Barbara Hambly, One Extra Corpse. Second in her 1920s Hollywood mystery series. It’s an era Hambly clearly enjoys writing, and while it’s less compelling to me than the Benjamin January series, it’s still fun, and I’d rather that she try different things when she has the urge.
Patrick House, Nineteen Ways of Looking at Consciousness. You don’t have to have read Nineteen Ways of Looking at Wang Wei to enjoy this book, but gosh, you can, it’s so good! It’s one of my favorite books! And finding this, a book about neuroscience inspired by it, just made me so happy. Vivid, compelling writing about a topic that interests me, inspired by another piece of vivid, compelling writing about a substantially different topic that interests me. Dancing about architecture at its finest.
Talia Lakshmi Kolluri, What We Fed to the Manticore. Animal-perspective stories walk a fine line between animals being basically humans in weird costumes and animals being completely other than human. Kolluri’s animals sometimes talk, which puts her toward the first end of that spectrum rather than the second, but she does try to keep their motivations rooted in as much of their actual experience as she feels we can understand. (This is a collection of short literary stories, all of which are from an animal’s perspective.)
Kien Lam, Extinction Theory. Lots of poems inspired by personal experience, scientific theory, or a combination of the two. I appreciated this more intellectually than emotionally, but that’s nothing to sneeze at.

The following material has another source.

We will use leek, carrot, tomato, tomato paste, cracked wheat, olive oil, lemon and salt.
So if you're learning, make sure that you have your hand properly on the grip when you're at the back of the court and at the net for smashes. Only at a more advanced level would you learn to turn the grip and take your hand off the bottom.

Rebecca Makkai, I Have Some Questions for You. Wow, wow, wow, this book. This book. Makkai is doing so much here. It’s about parasocial relationships in this millennium, sure, but it’s also about the process of reconsidering things that happened to you in your teens, things that were accepted at the time, and figuring out what you think of them now. And which of the people you know from that era are worthy of your adult trust. And it does an absolutely beautiful “but isn’t it all more complicated really? also sometimes no, sometimes really not” twist that has the intellectual honesty not to mush things together that don’t really belong together. All the content warnings here, because this is a book that is grappling hard with violence against women and with social pressures. And there are lines that just…absolutely capture being in that place and dealing with the news cycle of this decade. I feel like this is one of the books that it will be useful to hand the next generations to tell them: what was it like to be us, to be my demographic. All the little details, sure, but also the emotional arc of “wow that was super not okay and I’m going to need to deal with it, aren’t I, and what else is going to turn out not to be okay along the way.” Be in a good place if you’re going to read this, but wow is it so good.

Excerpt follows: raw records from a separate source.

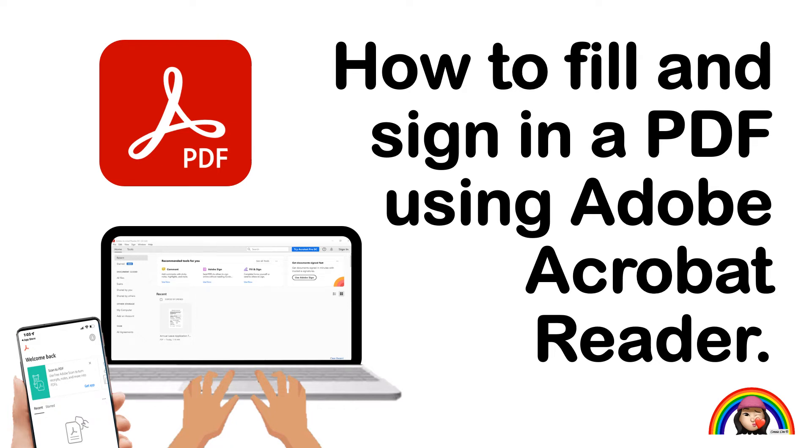Hi! I find Adobe Acrobat Reader is very useful. In this video, I am going to share with you how to use Adobe Acrobat Reader to fill and sign a PDF.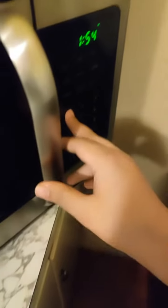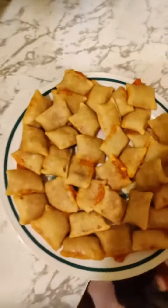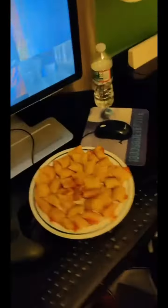After hearing the beeping of the microwave, you open it — one more minute. With one second left on the timer, you look at the pizza rolls — mmm, yummy. You pick it up — almost fell down — then you put it on top of the fridge because there's no space, and then you have a nice little meal to eat.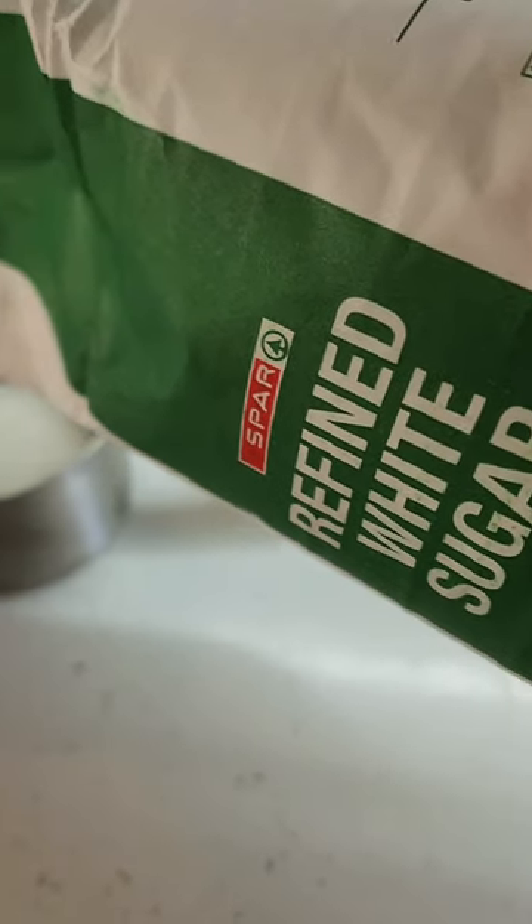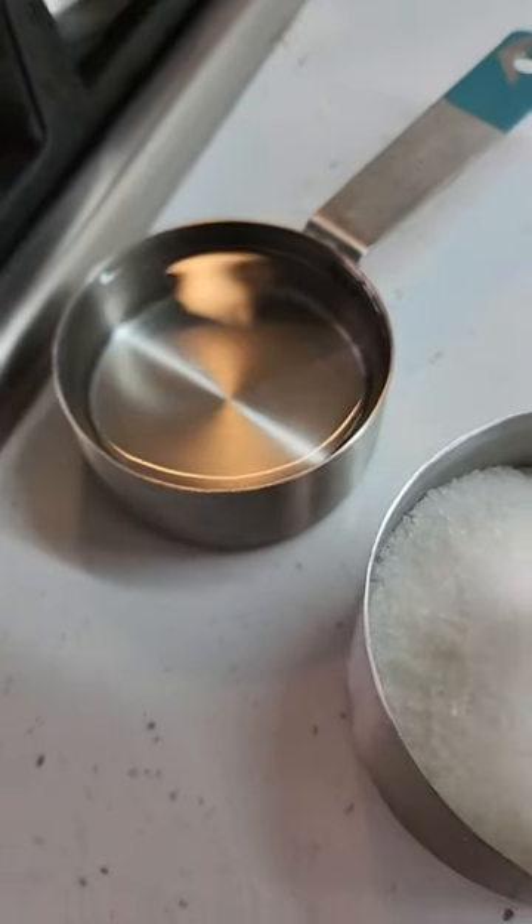Now we're just going to weigh out three cups of sugar and a half a cup of water. You want to melt it down until you have this beautiful amber color.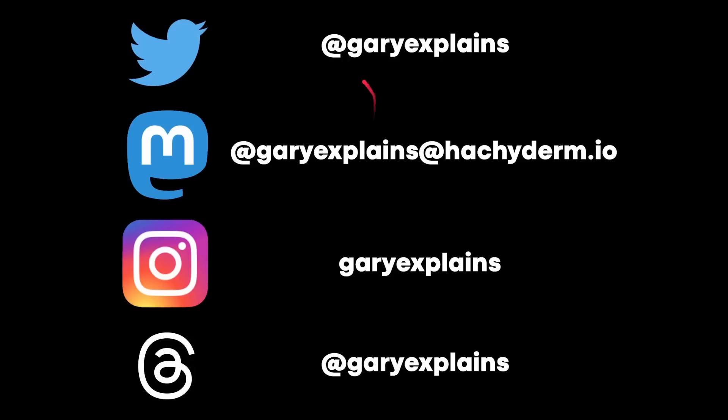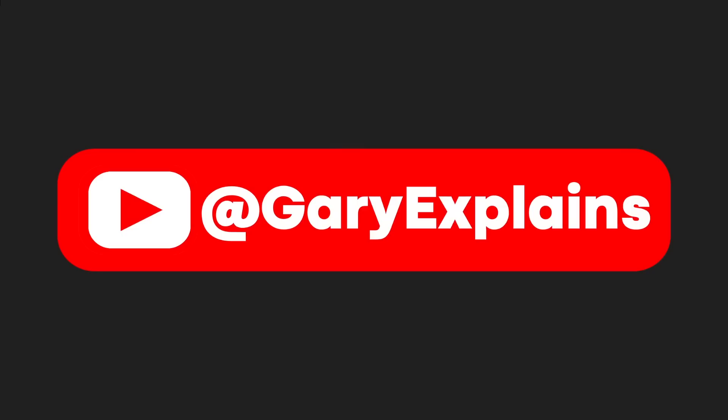My name's Gary Sims, this is Gary Explains. You can follow me on all the social media sites — just pick whichever one you use and you can see what I'm posting, and contact me if the service allows. I really hope you enjoyed this video; if you did, please give it a thumbs up, and I invite you to subscribe to the channel. I'll see you in the next one.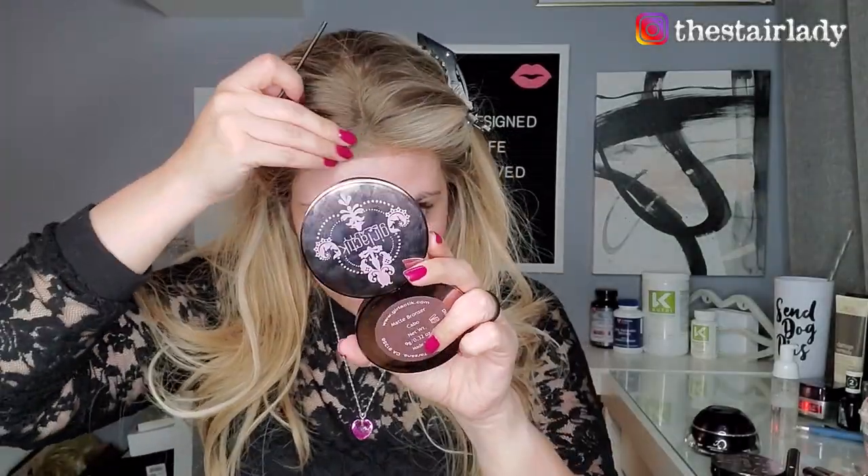Now I'm going back in to secure my edges — same deal. I put a little bit of that gel and tap it down with the opposite end of the Q-tip or my fingers. Make sure to close your Got2B Glued because it will dry really quick. Then I'm going to put a headband over it so it can set while I do my makeup.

Nelson Mandela, Long Walk to Freedom. For reasons that may or may not become clear later, I’m going to be reading a lot of political prisoner memoir in the next bit. This was an interesting volume of…not really that. Mandela is very, very much not focused on interiority here. This is a political document. However, it’s an interesting political document and one that gave me a much stronger understanding of how this person managed to come out of prison still a political leader rather than a venerable has-been.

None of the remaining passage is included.